Menuju konten utama
Kenangan Ramadan

Ramadan Musim Panas dan Hadiah Masjid Baru di Cina

Beberapa orang Indonesia berkesempatan beribadah puasa di RRC karena urusan menuntut ilmu dan lainnya. Bagaimana merasakan berpuasa di negeri komunis?

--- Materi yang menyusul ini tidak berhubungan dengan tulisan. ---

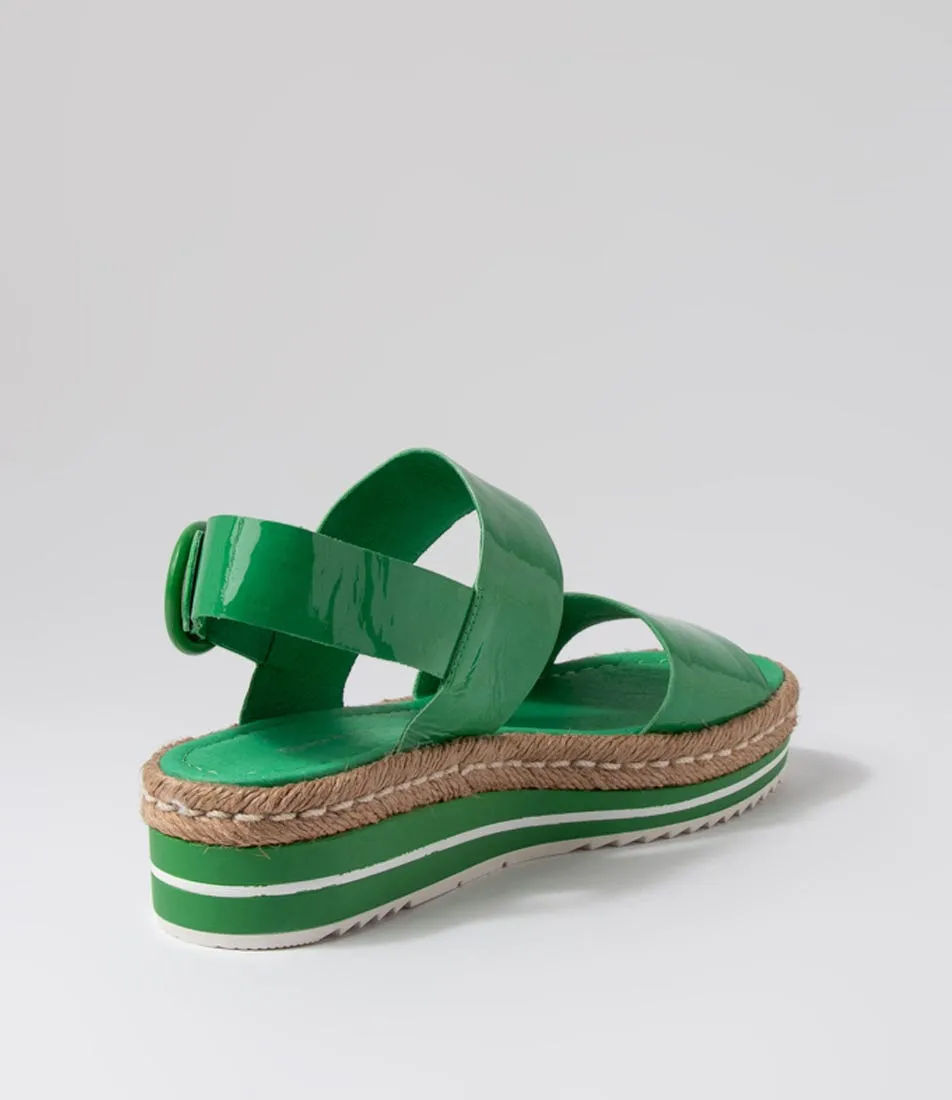 DJANGO & JULIETTE Atha Emerald Patent Leather Espadrilles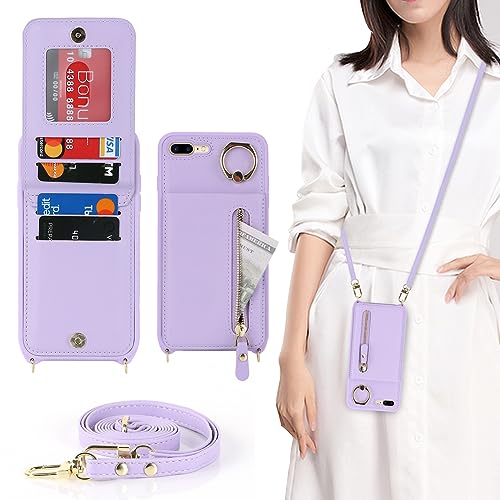 Ｈａｖａｙａ iPhone 7 Plus Hülle mit Band RFID Kartenhalter handyhülle iPhone 8 Plus mit Reißverschluss Band Ring Ständer Case für Frauen - Lila von Ｈａｖａｙａ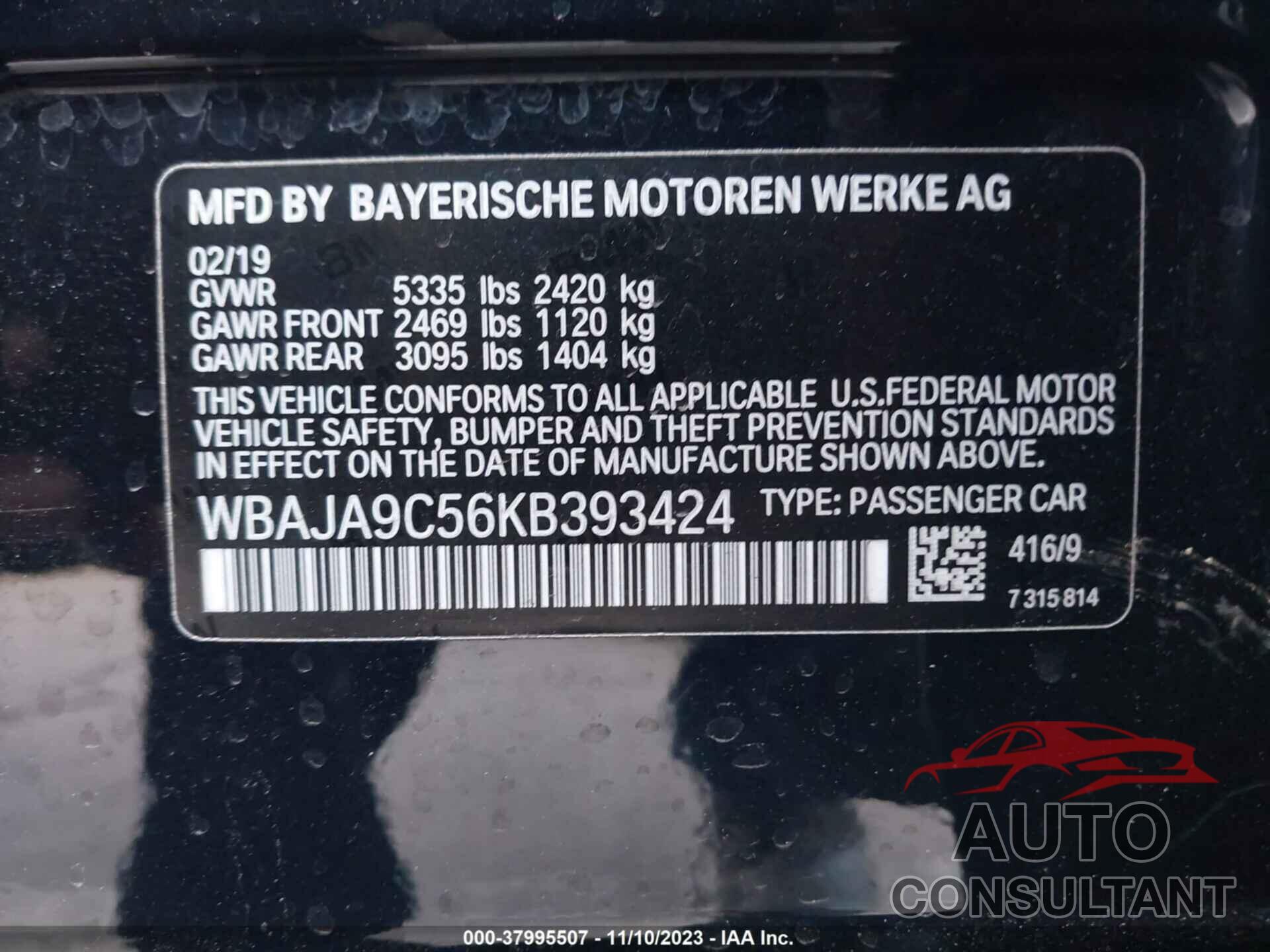 BMW 530E 2019 - WBAJA9C56KB393424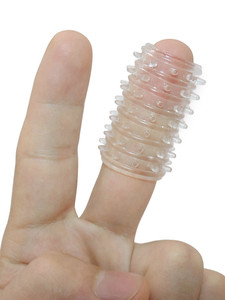 Venta caliente Crytal Condom Pene Sleeve 6-Piece Finger Condom and Cock Ring Set Dildos Categoría de producto - Product Image 2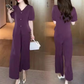 V-Neck Short Sleeve Top & Matching Wide-Leg Pants 2-Piece Set for Women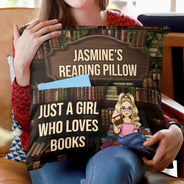 Gift For Yourself, Gift For Women, Gift For Men, Happy, Reading - Just A Girl Boy Who Loves Books Reading Pillow - Personalized Pocket Pillow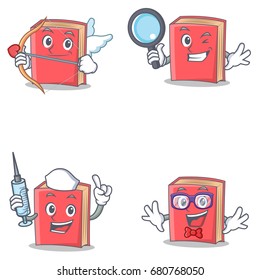 Set of red book character with cupid detective nurse geek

Ramadan Musim Panas dan Hadiah Masjid Baru di Cina
Umat Muslim berdoa sebelum berbuka puasa di Masjid Niujie, Beijing, Cina (6/6/2016). EPA/How Hwee Young

tirto.id - Ramadan kali ini bakal dilewati Syukron M Safari dengan istimewa, sudah sejak lama hari-hari beribadah puasanya dihabiskan di negeri orang. Kini ia bisa kembali menikmati Ramadan di Indonesia. Syukron adalah mahasiswa S-2 ilmu pendidikan di Anhui Normal University, Republik Rakyat Cina (RRC). Sejak 2012 silam, sampai seminggu sebelum lebaran tahun lalu, Syukron sudah kenyang menjalani Ramadannya di negeri komunis tersebut.

Meneladani adagium “Tuntutlah ilmu sampai ke negeri Cina”, Syukron telah menjalani empat tahun terakhir hidupnya sebagai pelajar di sana. “Sekarang lagi mengerjakan tesis di sini (Indonesia). September nanti rencananya sudah balik ke sana lagi,” cerita Syukron pada Tirto.

Berkesempatan belajar ke negeri orang tentu saja sebuah pengalaman berharga. Begitu pula bagi Syukron. Kesempatan itu juga memberikannya pengalaman untuk menikmati Ramadan di sana. Sebagai Muslim, pengalaman itu memberinya pelajaran tentang sikap tenggang rasa dan toleransi. Syukron yang biasanya adalah masyarakat mayoritas di negerinya, kini dalam satu titik hidupnya, harus merasakan jadi kelompok minoritas di negeri orang.

“Ada banyak perbedaan, itu pasti,” kata Syukron.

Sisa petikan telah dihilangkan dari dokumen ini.